How did influencer intellectuals emerge? Trough feeders have always existed. They are not new. People speaking assuredly about science, even though they lack actual domain expertise, is probably as old as science itself, at least in its most modern incarnation. What distinguishes this new generation of trough feeders from those past is the structure of incentives that shape their interests, engagement, and reach. Being a dubiously confident scientist in the 1980s was certainly possible—there were quite a few of those! But building a profitable career as an expert and on the back of dubious claims was a heavy lift. Key institutions of the public sphere—in particular, traditional media and scientific associations—constituted roadblocks for trough feeders to rise in public as authoritative experts. The system wasn’t perfect, of course (think of the merchants of doubt!), but it prevented some overly confident yet woefully uninformed individuals from shaping public conversations in significant ways. Damage could be contained.

The rise of influencer platforms, of the fragmented public sphere of Web 2.0, changed this fundamentally. Traditional media was no longer a filter. Audiences could be developed away from its reach, one click at a time, in the servers of Facebook, Twitter, and Instagram.
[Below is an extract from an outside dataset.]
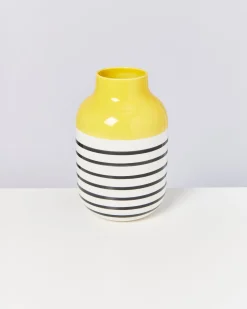Motel a Miio Große Vasen^Nuno Vase L - Yellow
Driven by monetization, the algorithms running on these servers privileged clicks over content. Users curated their experiences, following those that said what they wanted to hear. And those who succeeded, those who managed to amass enough clicks, follows, likes, and engagements, became sources of authority and prestige beyond the platforms. Matthew effects travelled from the digital to the real, clicks were transmuted from fool’s gold into actual monies. Book deals, speaker deals, even tacky clothing-line deals. Deals galore! All tied to clicks. None tied to actually knowing how things work.

Some trough feeders thrived in this environment, circulating through magazines, podcasts, op-eds, newspapers of record, and the speaking circuit. Without actually knowing much about what they professed, they became experts for their audiences. Far detached from the core sets involved in the making of knowledge, in the production of claims, they became voices of wisdom, celebrities of sorts propped up not by their achievements as researchers or scholars, but by their structural position in the digital world. And unlike trough feeders past, these influencer intellectuals shape public conversations. Lacking a robust public sphere, their claims circulate, uncontested, frictionless, through the algorithms of monetization of the platforms on which they thrive.

So there it is. Influencer intellectuals. Beware.